I am trying to find the cohomology ring of $\mathbb{C}\mathbb{P}^2$. But I don't know how. We know from the CW structure of $\mathbb{C}\mathbb{P}^2$ that the cohomology groups must be $\mathbb{Z}$ in dimensions 0,2 and 4 and 0 otherwise.So the only non obvious cup product we need to compute is the generator of the second cohomology group with it self. Is there any efficient way to do that.Or at least a way to show that it wont result to 0?
Thanks
I know a way using differential forms. Since $\mathbb{CP}^2$ is a manifold, most of the cohomologies of it are canonically isomorphic to each other. Because you mentioned its CW structure, I assume you are talking about the singular cohomology.
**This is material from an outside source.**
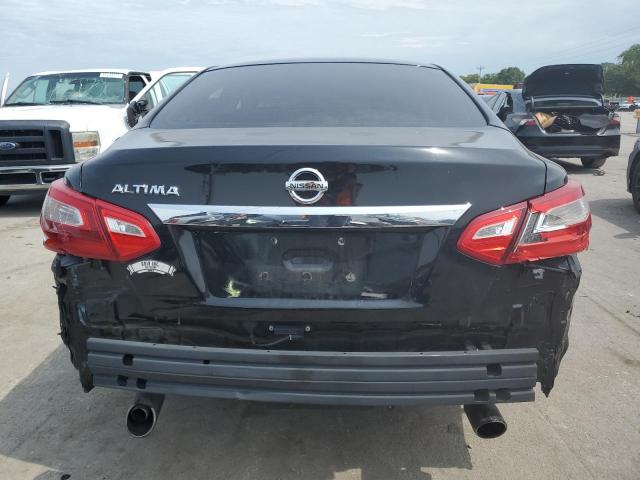 Photo 5 VIN: 1N4AL3AP4HN361678 - NISSAN ALTIMA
You already know that,
$H^n_{\Delta}(\mathbb{CP}^2)$ = \begin{cases} \mathbb{Z} & \quad \text{if } n =0, 2, 4\\ 0 & \quad \text{otherwise.}\\ \end{cases}
Tensor it with $\mathbb{R}$, by the universal coefficient theorem you get
$H^n_{\Delta}(\mathbb{CP}^2;\mathbb{R})$ = \begin{cases} \mathbb{R} & \quad \text{if } n =0, 2, 4\\ 0 & \quad \text{otherwise.}\\ \end{cases} (This is compatible with the product structure.) By the de Rham theorem, you know $H^\ast_{\Delta}(\mathbb{CP}^2,\mathbb{R}) \cong H^\ast_{dR}(\mathbb{CP}^2)$ as $\mathbb{R}$-algebra where the multiplication on the left hand side is the cup product $\cup$ and that of the right hand side is the wedge product $\wedge$.
There is a Fubini-study form on $\mathbb{CP}^2$ which is defined by $$ \omega_{FS} = i \partial \bar{\partial} log (|u_0|^2+|u_1|^2+1)$$ where $[u_0:u_1:1] = [z_0:z_1:z_2]$ is the local coordinate.
First $\omega_{FS}$ is a closed form because $\partial \bar{\partial} f(|z|^2) = d \bar{\partial} f(|z|^2)$ for $f \in C^\infty (\mathbb{R})$. So $[\omega_{FS}] \in H^2_{dR}(\mathbb{CP}^2)$. If we can show that $ [\omega_{FS}] \wedge [\omega_{FS}] \neq 0$ in $H^2_{dR}(\mathbb{CP}^2)$, then we know the $\mathbb{R}$-algebra structure is non-trivail. We can calculate that,
\begin{align*} \omega_{FS}^2 &=\frac{-1}{(|u_0|^2+|u_1|^2+1)^3} du_0 \wedge d\bar{u_0} \wedge du_1 \wedge d\bar{u_1} \\ &=\frac{4}{(x_0^2+y_0^2+x_1^2+y_1^2+1)^3} dx_0 \wedge dy_0 \wedge dx_1 \wedge dy_1. \end{align*}
This shows $\int_{\mathbb{CP}^2} \omega_{FS}^2 \neq 0 $ and so $[\omega_{FS}^2] \neq 0$ by the Poincare duality.